A school can have very high MCAS scores and still fail Adequate Yearly Progress (AYP) measurements mandated by NCLB.
AYP measures individual school progress against annual, state-specific performance targets established by the Department of Education in English Language Arts and Mathematics. Grades three through 12 all scored above state average on all MCAS tests, but some still "failed" according to AYP measurements.
Superintendent Edward Costa said, "One hundred percent is a wonderful goal," but he doesn't think the way the schools are evaluated is fair. He noted during Monday evening's School Committee meeting, where AYP was discussed, that as a teacher, he didn't punish a whole class because one student acted up, but the law punishes a whole school for one "failing" child.
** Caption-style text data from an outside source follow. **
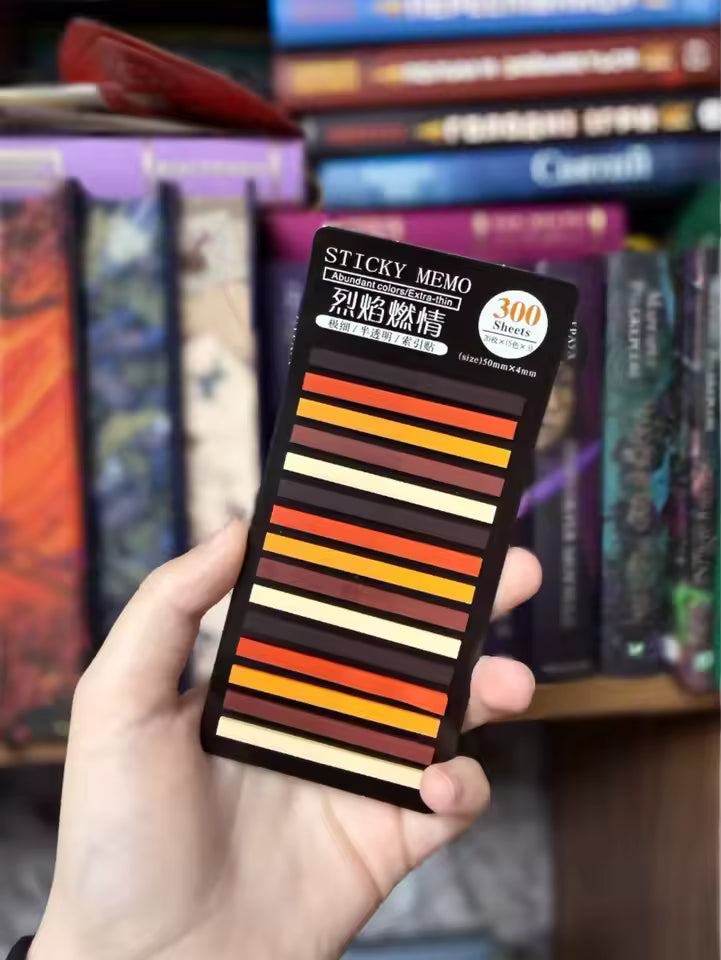 Post it, Extra-thin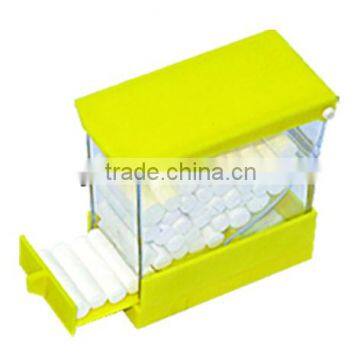 Drawer type cotton roll dispenser/Cotton Roll Divider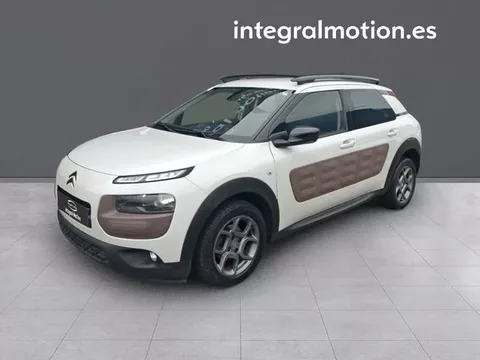 CITROEN C4 Cactus C4 Cactus 1.6 BlueHDi S&S Feel 100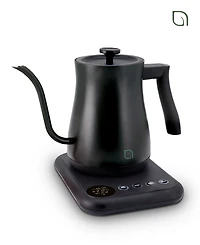 Willow Kitchen Digital Gooseneck Kettle with 5 Temperature Presets - Precision Heating Pouring for Perfect Brews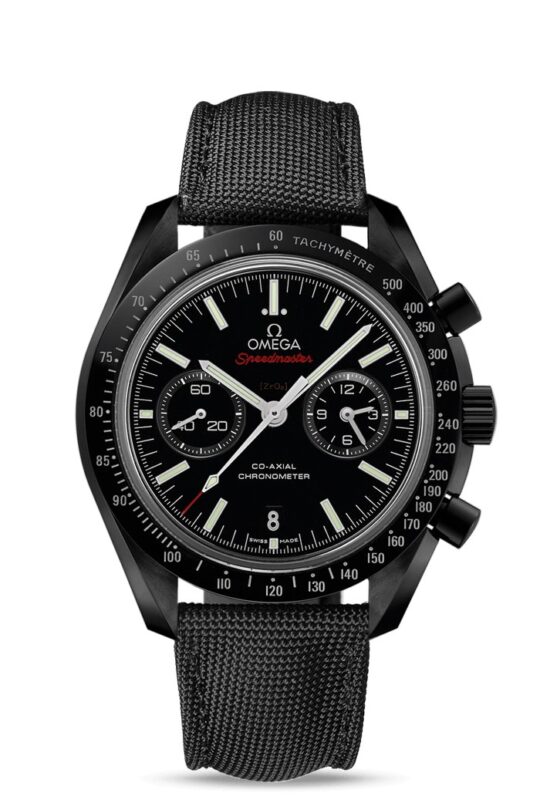 Omega speedmaster dark side of the moon 31192445101007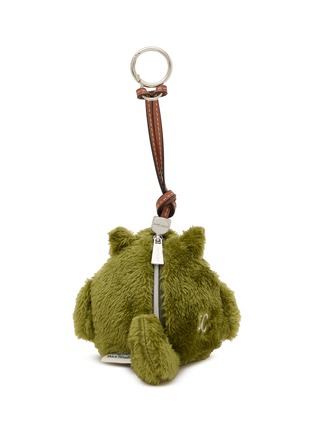 Detail View - Click To Enlarge - BAZ & FRIENDS - Stingy Mini Plush Bag Charm Tote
In 2008, 50 percent of all schools in Massachusetts failed to make AYP mandates, a statistic Costa noted as "startling."
The best a school can do according to AYP is to have no status. If a school is found failing during a two year cycle, it drops down to the improvement level. If progress is not made, it then drops to corrective action; then, restructuring; and finally, state take-over.
Birchland Park Middle School principal Kathleen Hill said it was unlikely the state would take over a failing school because of financial constraints.
Mountain View School and East Longmeadow High School
Carolyn Wallace, principal of Mountain View School, announced that all subgroups and the school as a whole achieved AYP mandates during the past school year. Richard Freccero and Michael Knybel, principal and vice-principal of East Longmeadow High School, respectively, delivered the same news.
The 329 students at the elementary school as a whole did achieve AYP for both English Language Arts and Mathematics during the 2007-08 school year, but for both subject areas the school failed because one NCLB-defined subgroup -- Special Education -- did not reach the mandated levels of proficiency.
Ninety-three students were classified as Special Education for the AYP report, about 28 percent of the school's population.
Principal Brenda Houle said these results drop Mapleshade down into the improvement level.
Birchland Park Middle School
The middle school remains at no status for English Language Arts testing, but has fallen into year one of the restructuring phase for Mathematics due to a "failing" subgroup. Hill noted that Special Education achieved AYP mandates this year, but students from the Low Income subgroup did not. Low Income makes up less than nine percent of the school's population.
Both Birchland Park and district officials will be working on improvement plans to improve Mathematics scores. "We're creating plans as we speak," Costa told Reminder Publications. Some of those plans include free afterschool tutoring and additional Mathematics classes being offered during the school day. Costa stressed that parents will always have the first choice when it comes to what their children do at school.
"AYP doesn't just aim for progress, it demands it," Costa said. "We have a lot of kids with a lot of hurdles to jump." According to the superintendent, approximately 24 percent of students in the East Longmeadow school system are on special education plans -- but the state only allows one percent of those students to take alternative MCAS tests.
The East Longmeadow Public Schools are still doing well overall, however.
"We know our plans are working," Costa said.
Those plans include the SMART goals for the 2008-09 school year, which will be presented at the next School Committee meeting on Oct. 20 at 7:30 p.m. in the School Committee Conference Room in the high school.